§ **TASK REQUIREMENTS**:
Where the entries below show "a woman's leg", begin there and print that line and all following lines exactly, through the last, omitting pictures.

§ **RECORDS FOR THE TASK**:
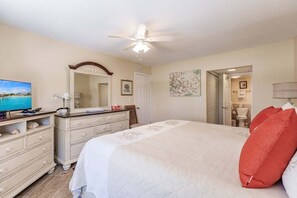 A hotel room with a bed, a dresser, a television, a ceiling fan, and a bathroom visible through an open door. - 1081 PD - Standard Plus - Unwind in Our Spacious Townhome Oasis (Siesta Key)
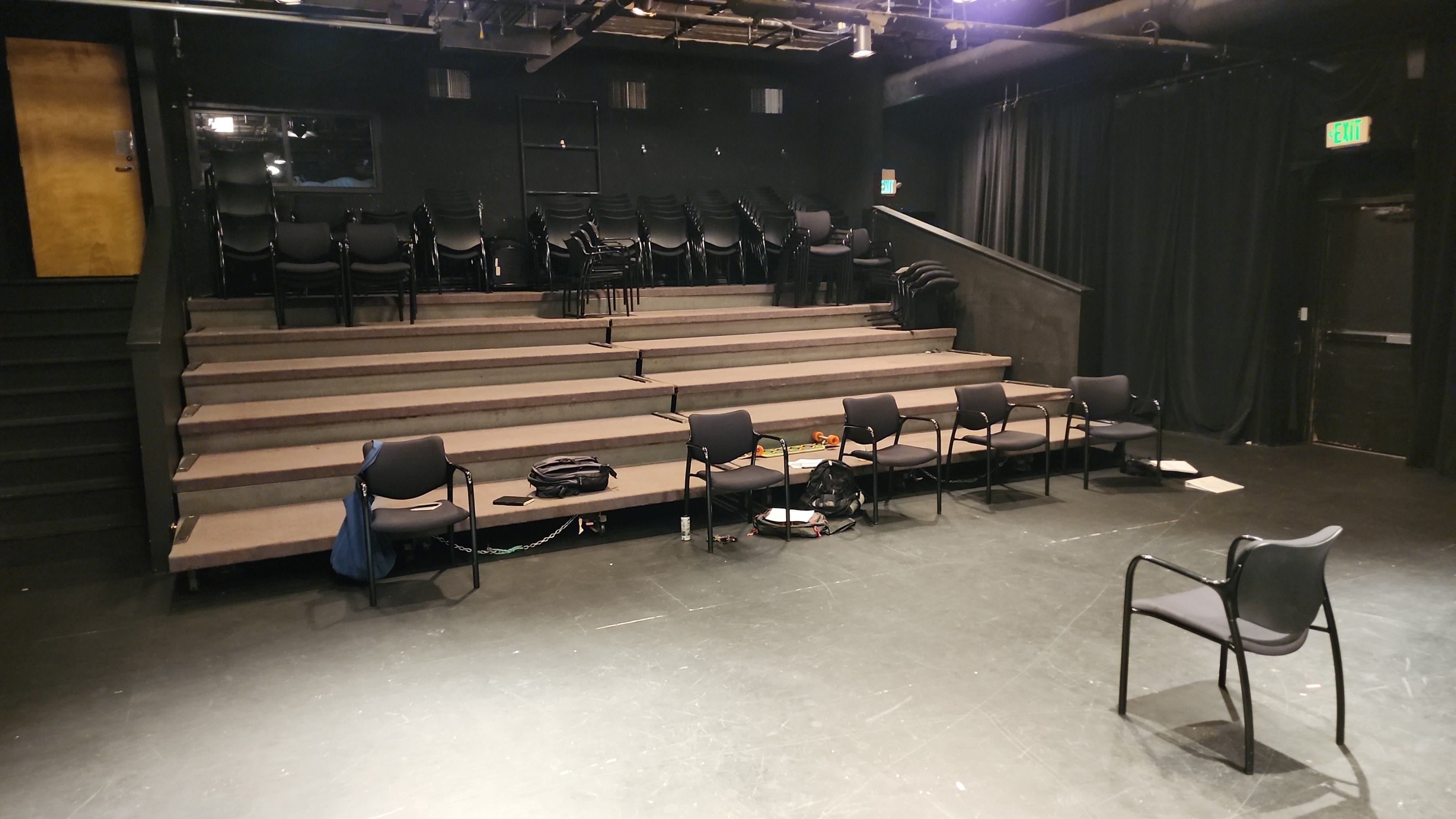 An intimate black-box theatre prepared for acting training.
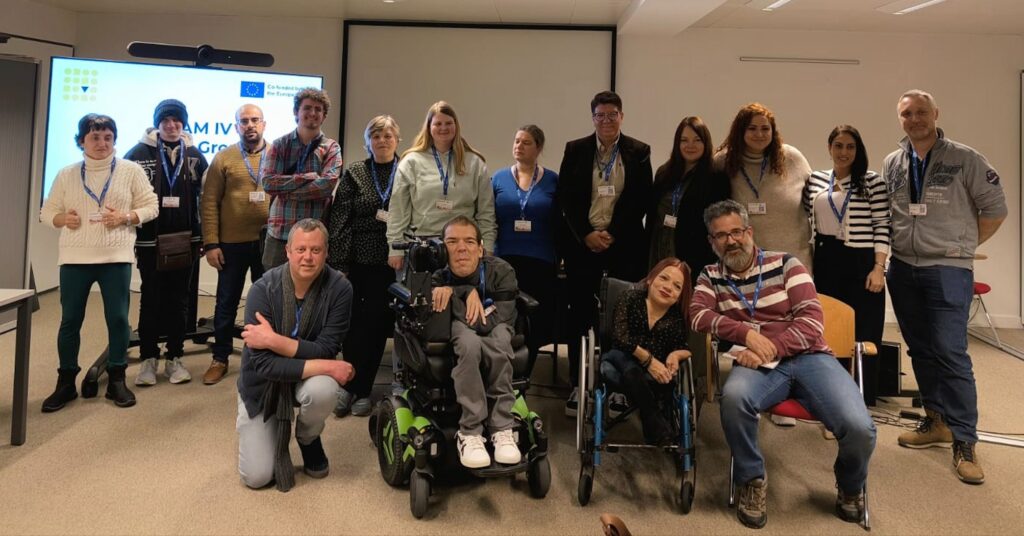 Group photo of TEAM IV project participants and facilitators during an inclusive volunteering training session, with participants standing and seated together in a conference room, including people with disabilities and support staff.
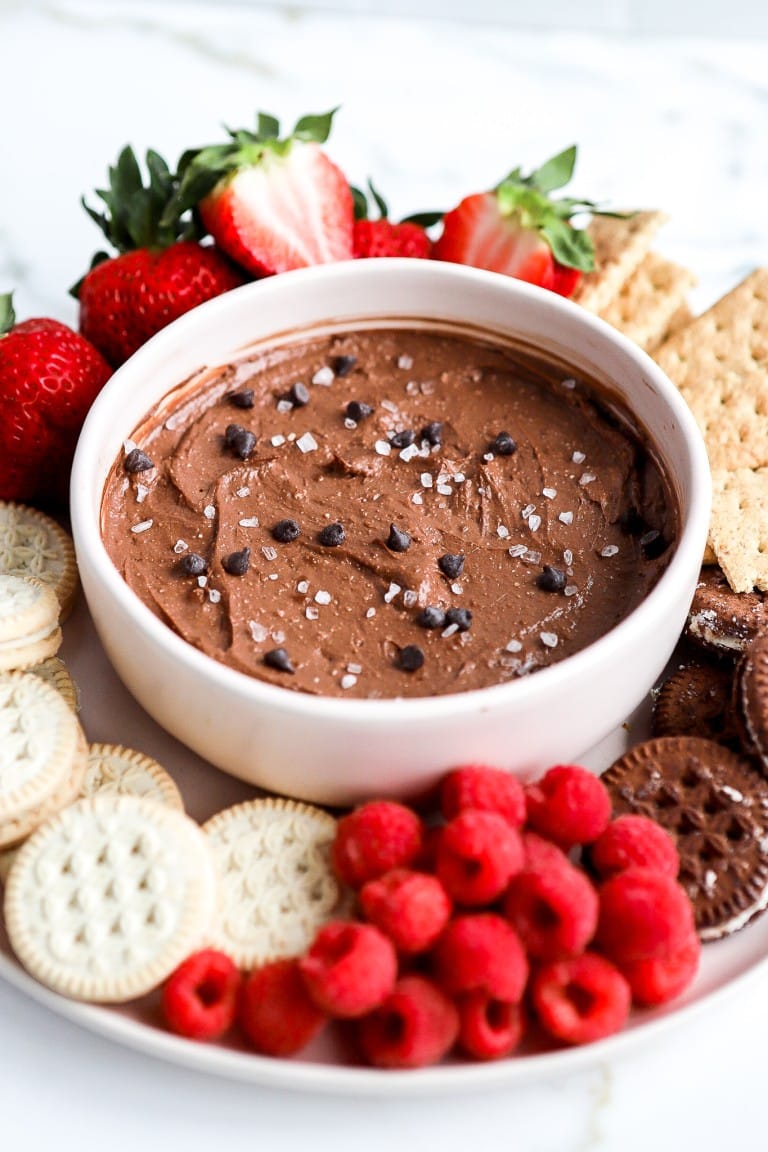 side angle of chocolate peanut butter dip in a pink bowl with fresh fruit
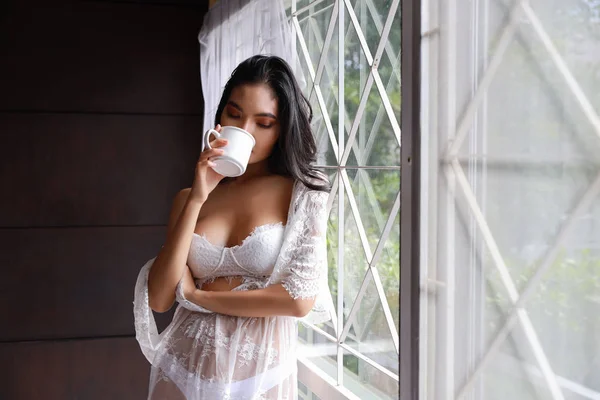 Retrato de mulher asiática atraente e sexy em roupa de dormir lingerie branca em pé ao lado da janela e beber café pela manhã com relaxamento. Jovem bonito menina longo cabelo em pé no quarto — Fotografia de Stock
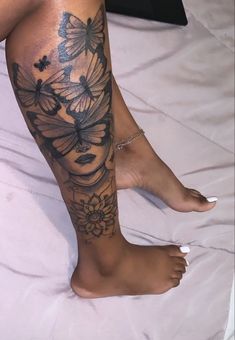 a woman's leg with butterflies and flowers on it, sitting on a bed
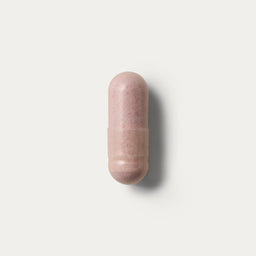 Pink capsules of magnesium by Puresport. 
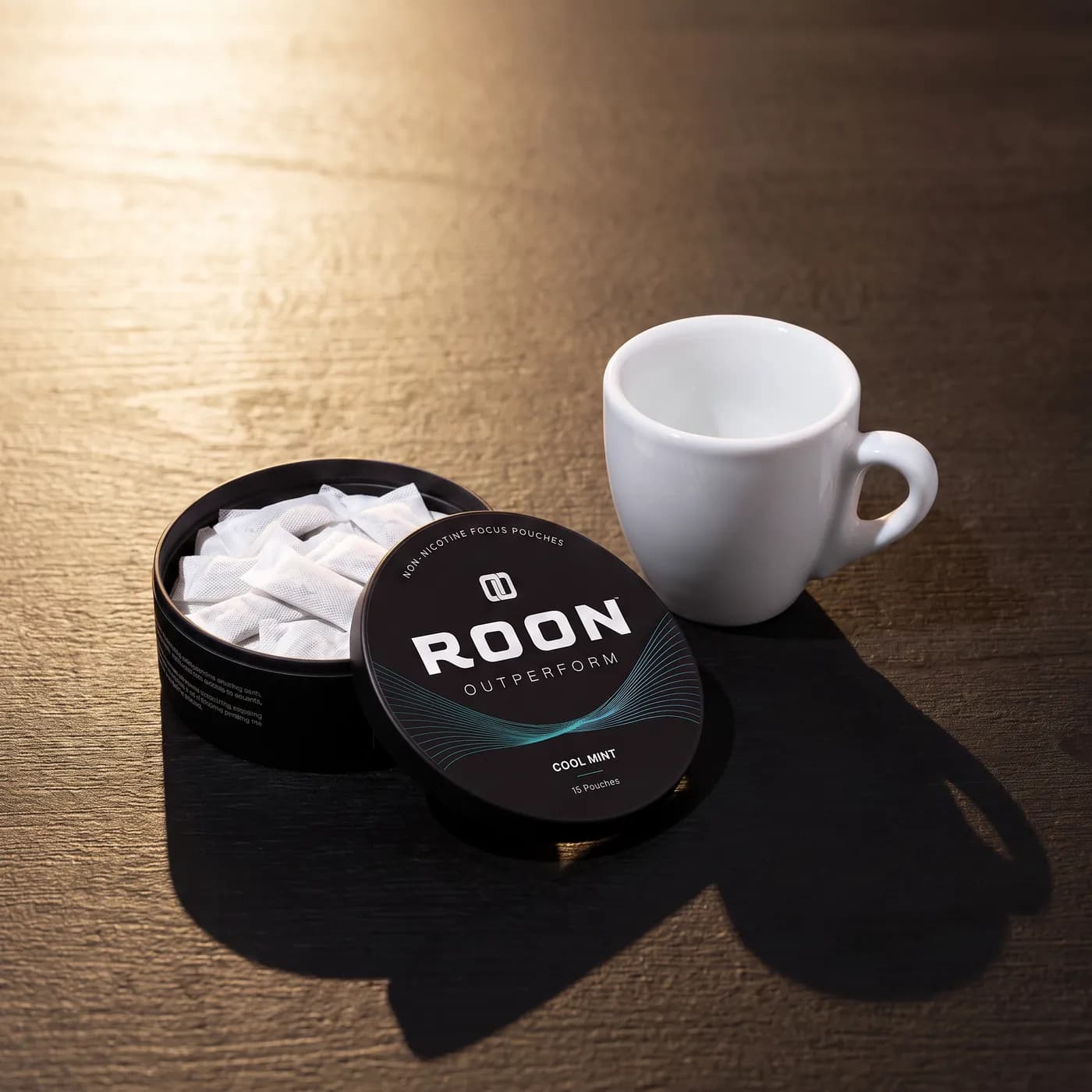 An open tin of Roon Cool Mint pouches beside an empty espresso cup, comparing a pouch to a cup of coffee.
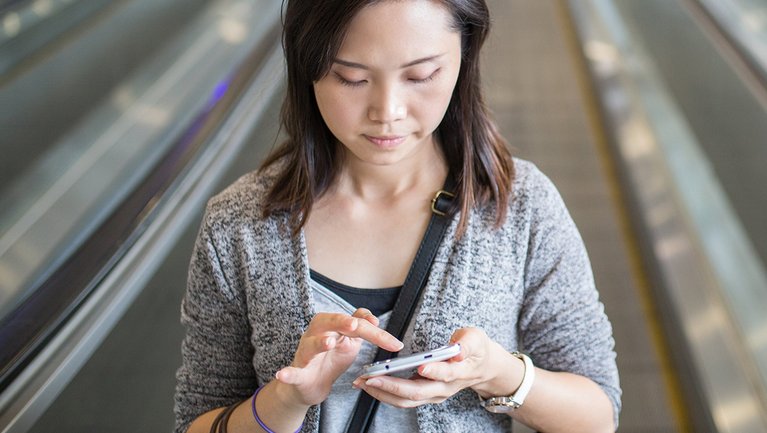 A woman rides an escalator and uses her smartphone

§ **SOLUTION**:
 a woman's leg with butterflies and flowers on it, sitting on a bed
 Pink capsules of magnesium by Puresport. 
 An open tin of Roon Cool Mint pouches beside an empty espresso cup, comparing a pouch to a cup of coffee.
 A woman rides an escalator and uses her smartphone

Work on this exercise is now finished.